Lower courts latched onto the “de minimis” language found in the Hardison opinion, Justice Samuel Alito wrote, although the decision repeatedly referred to “substantial” burdens.
The impact of the de minimis standard has “blessed the denial of even minor accommodation in many cases, making it harder for members of minority faiths to enter the job market,” according to religious organizations filing amicus briefs, he noted.
“We hold that showing ‘more than a de minimis cost,’ as that phrase is used in common parlance, does not suffice to establish ‘undue hardship’ under Title VII,” Justice Alito said. “We … understand Hardison to mean that ‘undue hardship’ is shown when a burden is substantial in the overall context of an employer’s business. This fact-specific inquiry comports with both Hardison and the meaning of ‘undue hardship’ in ordinary speech.”
The Court declined to adopt a favored synonym for undue hardship.
“We think it is enough to say that an employer must show that the burden of granting an accommodation would result in substantial increased costs in relation to the conduct of its particular business,” Justice Alito wrote. “[C]ourts must apply the test in a manner that takes into account all relevant factors in the case at hand, including the particular accommodations at issue and their practice impact in light of the nature, ‘size and operating cost of [an] employer.’”

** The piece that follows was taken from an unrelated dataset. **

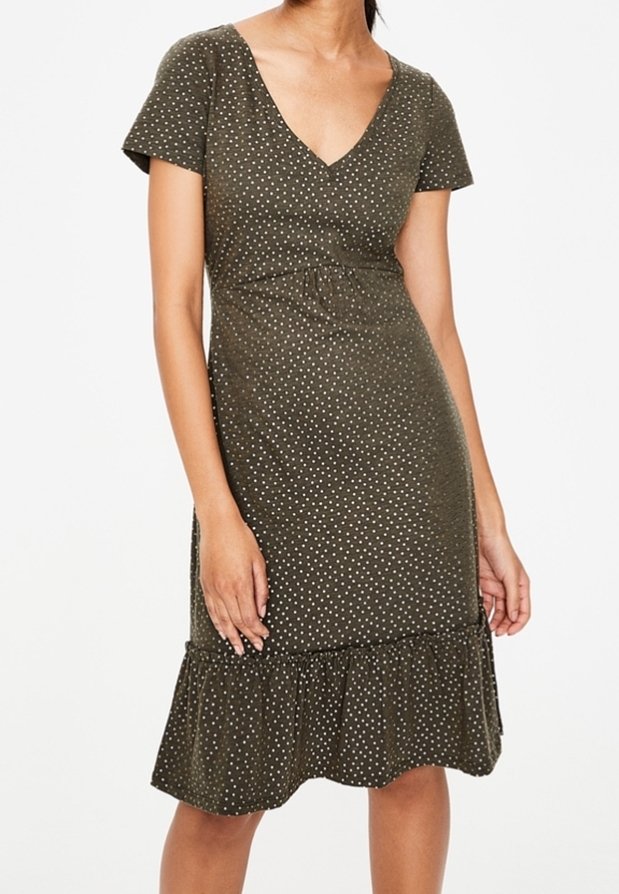 Femme portant une robe courte manches courtes vert olive à pois blancs, col en V et ourlet volanté, debout devant un fond uni.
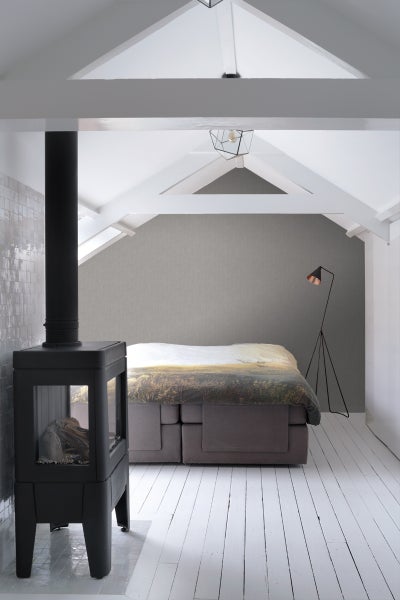 Schlafzimmer mit Kaminofen, Bett und Stehlampe in einem Dachgeschoss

The justices offered further guidance, adding that a good deal of the Equal Employment Opportunity Commission’s guidance will likely be unaffected by the decision and that a hardship that is attributable to employee animosity to a particular religion, to religion in general or to the very notion of accommodating religious practice cannot be considered “undue.”
Further, Title VII requires that an employer reasonably accommodate an employee’s practice of religion, not merely that it assess the reasonableness of a particular possible accommodation or accommodations, the Court said.
“Faced with an accommodation request like Groff’s, it would not be enough for an employer to conclude that forcing other employees to work overtime would constitute an undue hardship,” Justice Alito wrote. “Consideration of other options, such as voluntary shift swapping, would also be necessary.”
Having clarified the Title VII undue hardship standard, the Court left its context-specific application to the lower courts in the first instance, remanding to the district court for further proceedings.
Justice Sonia Sotomayor authored a concurring opinion, joined by Justice Ketanji Brown Jackson.
To read the opinion in Groff v. DeJoy, click here.
Why it matters
In light of the new undue hardship standard clarified by the Supreme Court, employers must reevaluate how they handle religious accommodation requests from employees. Instead of demonstrating that a requested accommodation could not be met because it created a de minimis burden—like the cost of overtime for other employees to work on Sunday in lieu of Groff—employers face a higher threshold, having to show that the burden of granting an accommodation would result in substantial increased costs in relation to the conduct of its particular business.